Exercise description
Find the line below with "old wooden table" and the line with "Coffee hot drinks". Output them and the lines between, exactly, but not the pictures.

Data provided

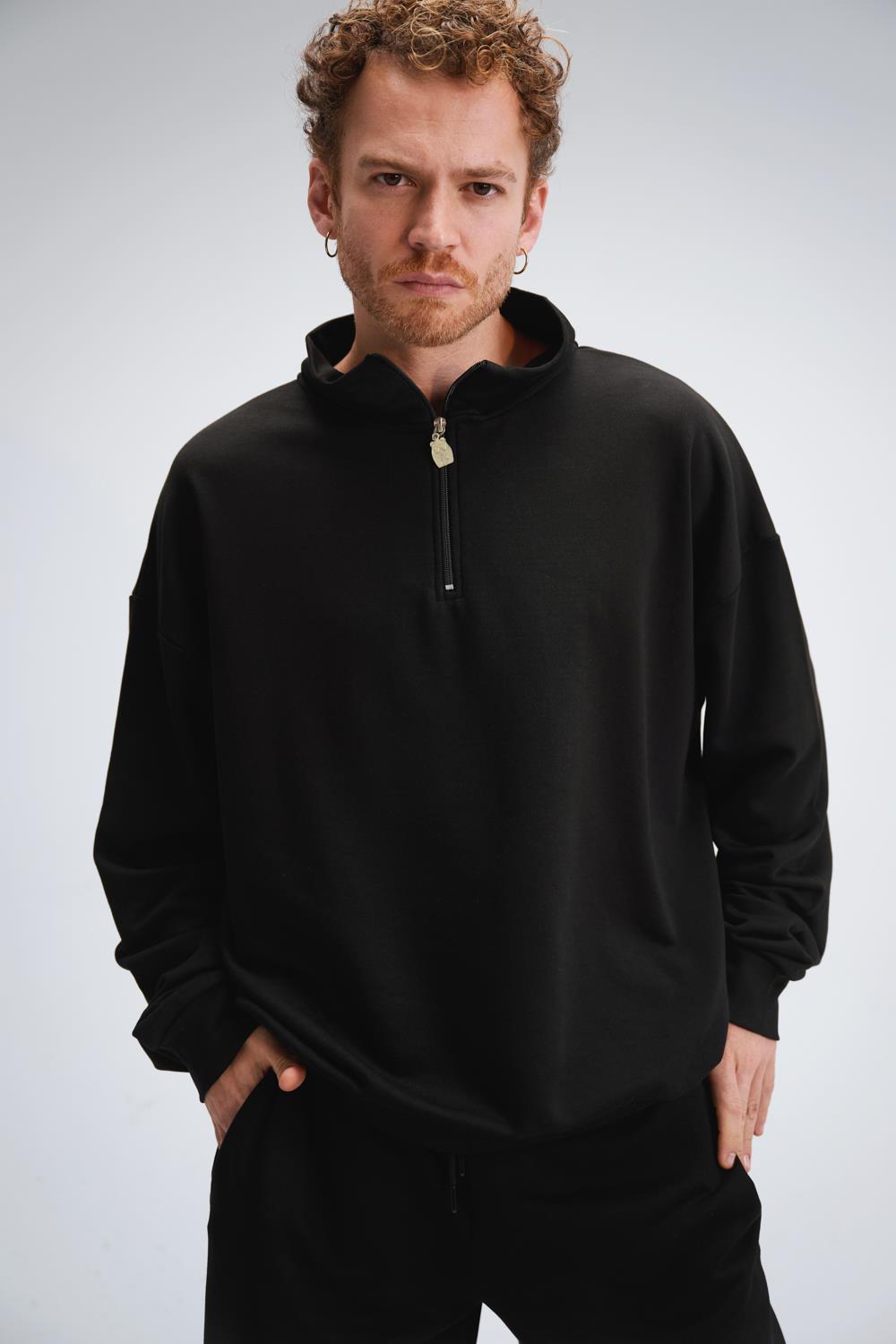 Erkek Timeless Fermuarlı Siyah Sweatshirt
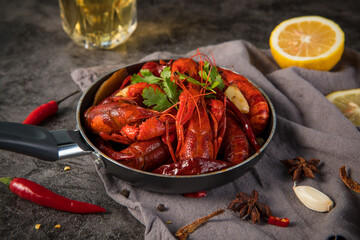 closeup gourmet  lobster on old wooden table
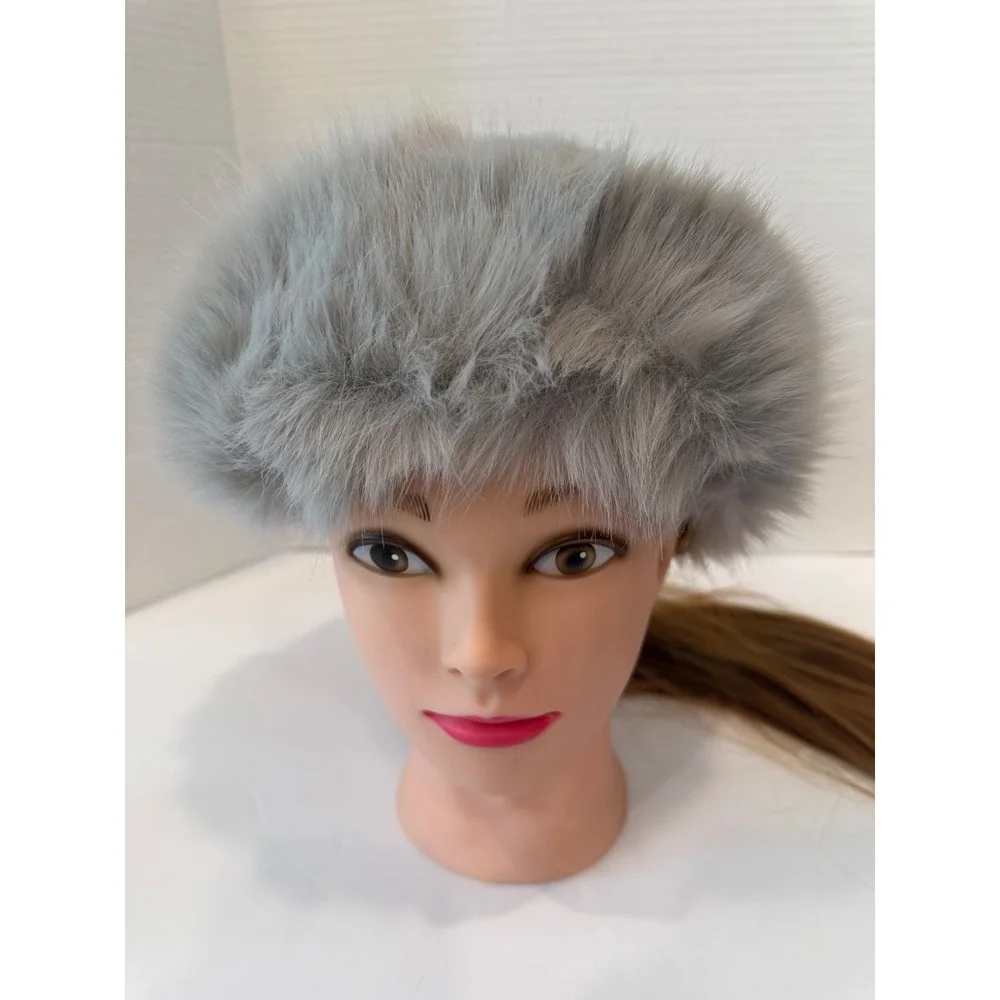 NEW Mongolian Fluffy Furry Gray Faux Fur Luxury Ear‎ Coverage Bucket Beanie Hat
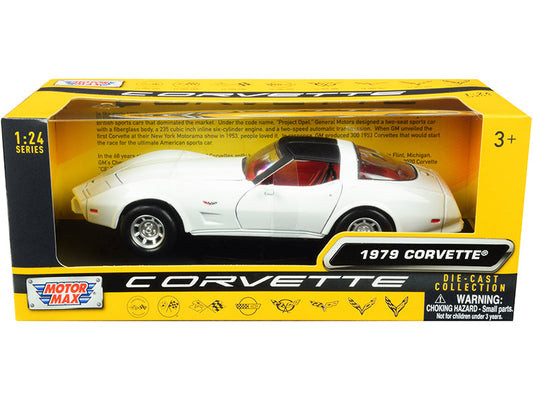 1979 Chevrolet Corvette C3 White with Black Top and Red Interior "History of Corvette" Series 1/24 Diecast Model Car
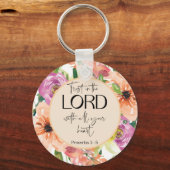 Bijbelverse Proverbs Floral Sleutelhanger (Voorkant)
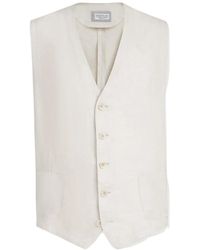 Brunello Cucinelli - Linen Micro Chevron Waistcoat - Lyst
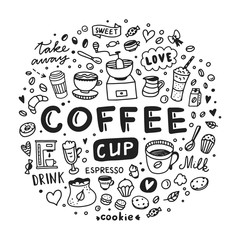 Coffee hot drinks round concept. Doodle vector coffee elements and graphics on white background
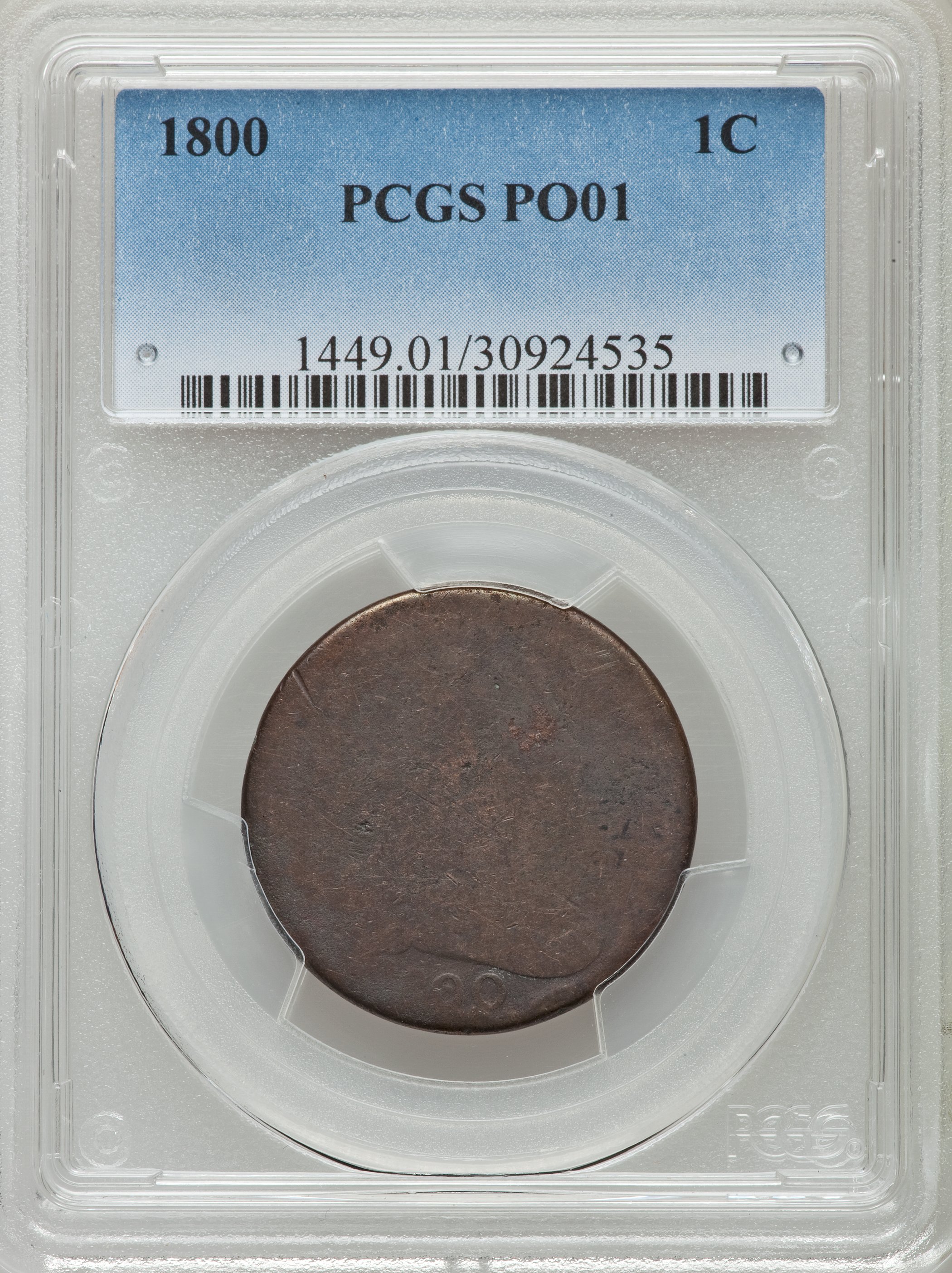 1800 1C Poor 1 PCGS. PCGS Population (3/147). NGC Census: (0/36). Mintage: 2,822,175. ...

Answer for this exercise
 closeup gourmet  lobster on old wooden table
 NEW Mongolian Fluffy Furry Gray Faux Fur Luxury Ear‎ Coverage Bucket Beanie Hat
 1979 Chevrolet Corvette C3 White with Black Top and Red Interior "History of Corvette" Series 1/24 Diecast Model Car
 Bijbelverse Proverbs Floral Sleutelhanger (Voorkant)
 Brunello Cucinelli - Linen Micro Chevron Waistcoat - Lyst
 Coffee hot drinks round concept. Doodle vector coffee elements and graphics on white background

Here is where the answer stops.